Newman Hoar

Personal information
- Full name: Newman Ronald Hoar
- Born: 4 September 1920 Masterton, New Zealand
- Died: 11 January 2017 (aged 96) Masterton, New Zealand
- Batting: Right-handed
- Bowling: Right-arm fast
- Relations: Frank Hoar (father)

Domestic team information
- 1938/39–1945/46: Wairarapa
- 1944/45: Wellington
- 1948/49–1956/57: Nelson
- 1959/60: Wairarapa

Career statistics
| Competition | First-class |
| Matches | 6 |
| Runs scored | 264 |
| Batting average | 33.00 |
| 100s/50s | 0/2 |
| Top score | 76 |
| Balls bowled | 673 |
| Wickets | 10 |
| Bowling average | 33.40 |
| 5 wickets in innings | 0 |
| 10 wickets in match | 0 |
| Best bowling | 3/68 |
| Catches/stumpings | 3/– |
- Source: CricketArchive, 7 July 2017

= Newman Hoar =

New Zealand cricketer

Newman Ronald Hoar (4 September 1920 – 11 January 2017) was a New Zealand cricketer who played first-class cricket between the 1942–43 and 1944–45 seasons. He was born in 1920 at Masterton in Wairarapa, the son of Frank Hoar who played first-class matches for Wellington during the 1928–29 season.

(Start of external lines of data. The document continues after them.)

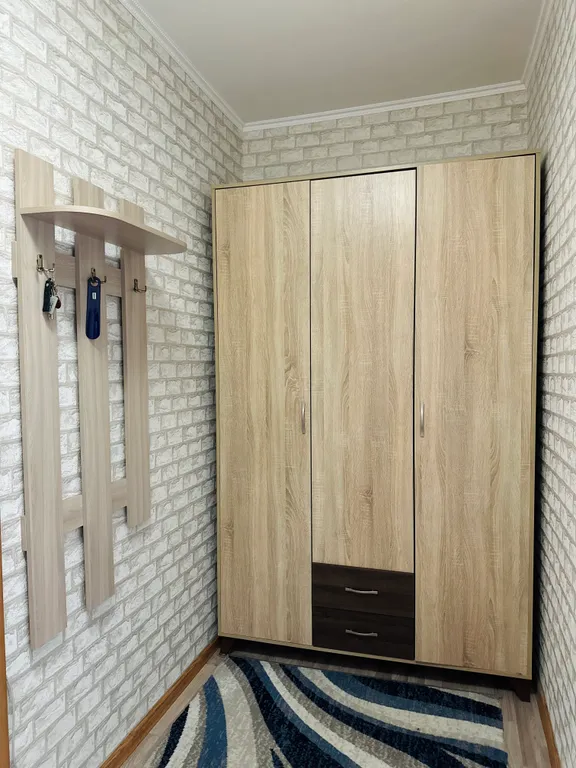 Уютная квартира в новом доме, вид на карьер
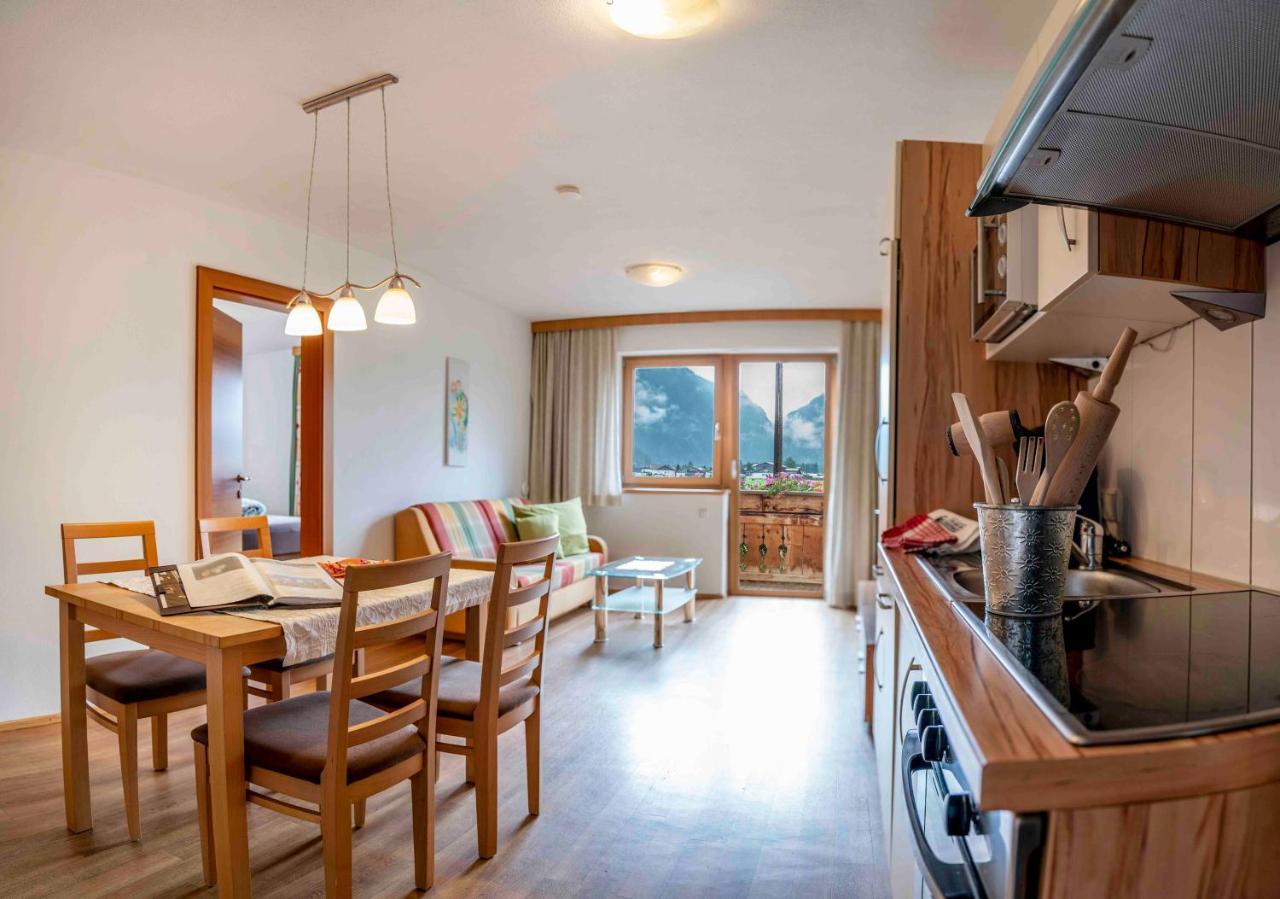 Apartamento Honzarhof Längenfeld Exterior foto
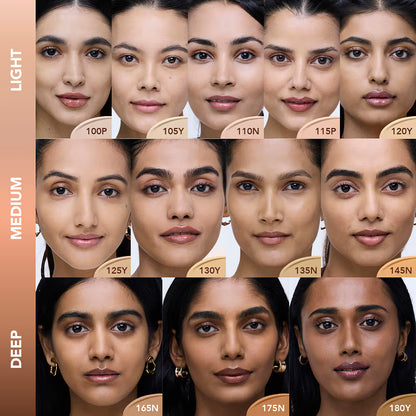 Kay Beauty Full Coverage Cloud Cushion Foundation with in-vivo tested SPF 40 PA ++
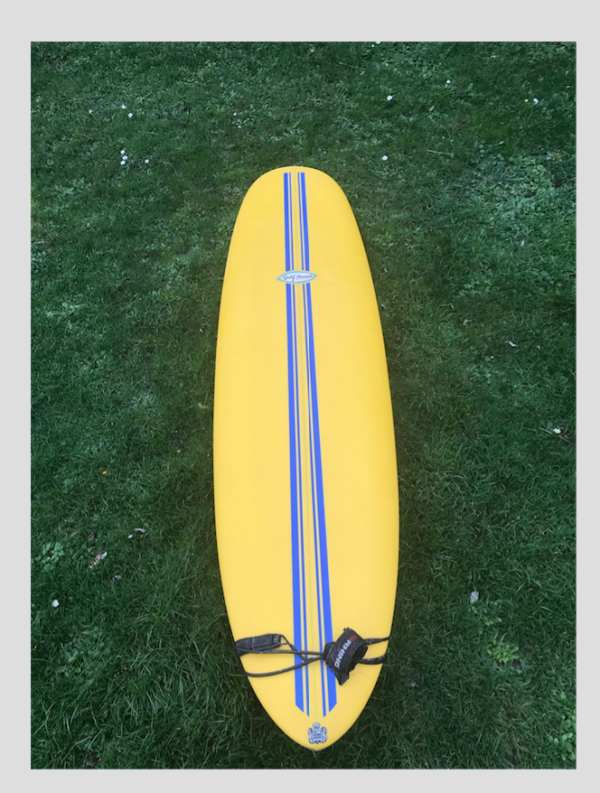 Gulfstream 7'4 Carpet Custom (SOLD)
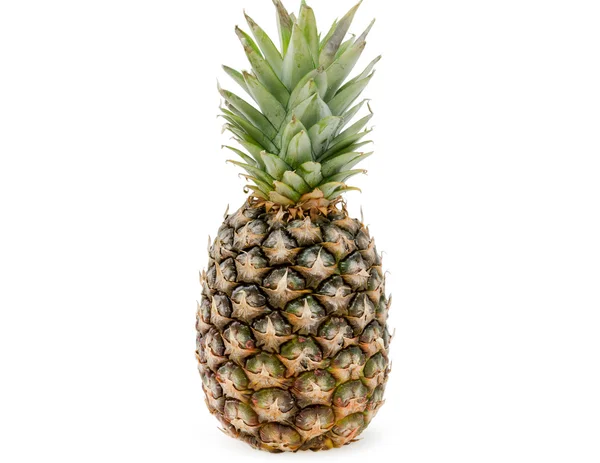 Čerstvý Zralý ananas — Stock fotografie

A lower-order batsman and opening bowler, Hoar played his first two first-class matches for New Zealand services teams during World War II while serving with the Royal New Zealand Air Force. He later played four matches for Wellington in the 1944–45 season. His highest score was 76, batting at number eight and top-scoring for Wellington against Canterbury in January 1945, and his best bowling figures were 3 for 68 against Auckland in his last first-class match a month later.

He also played Hawke Cup cricket from the 1938–39 season to 1958–59, representing Wairarapa and Nelson. In a Hawke Cup match for Wairarapa against Rangitikei in 1945–46 he scored 158 and 16 and took 5 for 48 and 3 for 41. In a two-day match for Nelson against Fiji in 1953–54 he scored 109 not out in 93 minutes.

Hoar and his wife Margaret had two daughters and three sons. He was a selector for the Central Districts cricket team after his playing career. He died at Masterton on 11 January 2017, and was buried at Riverside Park Lawn Cemetery.